I have a cluster of 3 kafka servers. Replication factor is 3. Two out of 3 servers were shutdown and traffic was sent to only one server that was up. I brought second host up and it says according to logs that server has started.
I ran ./kafka-list-topic.sh --zookeeper <host> Still was showing leaders are not distributed. Then ran kafka-preferred-replica-election.sh which exited with error:
kafka.common.AdminCommandFailedException: Admin command failed at kafka.admin.PreferredReplicaLeaderElectionCommand.moveLeaderToPreferredReplica(PreferredReplicaLeaderElectionCommand.scala:119) at kafka.admin.PreferredReplicaLeaderElectionCommand$.main(PreferredReplicaLeaderElectionCommand.scala:60) at kafka.admin.PreferredReplicaLeaderElectionCommand.main(PreferredReplicaLeaderElectionCommand.scala)
Would you please give suggestion what have caused the exception and how to recover from it?

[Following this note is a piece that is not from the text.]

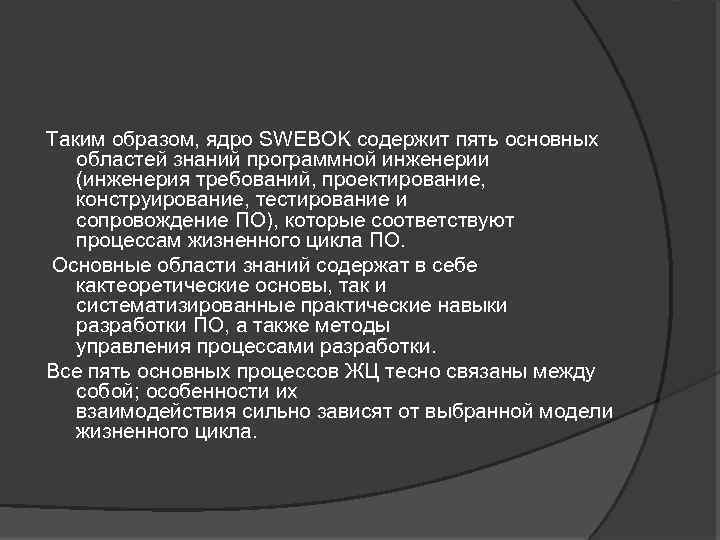 Таким образом, ядро SWEBOK содержит пять основных областей знаний программной инженерии (инженерия требований, проектирование,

I think the error message can be improved to at least print which partitions it couldn't move the leader for. What could be happening is that the 2 brokers that were down might not have entered the ISR yet. So the tool will not be able to move any leaders to them. You can run kafka-list-topics with the --under-replicated-count option to print the list of under replicated partitions.
Please can you file a bug to improve the error reporting of this tool?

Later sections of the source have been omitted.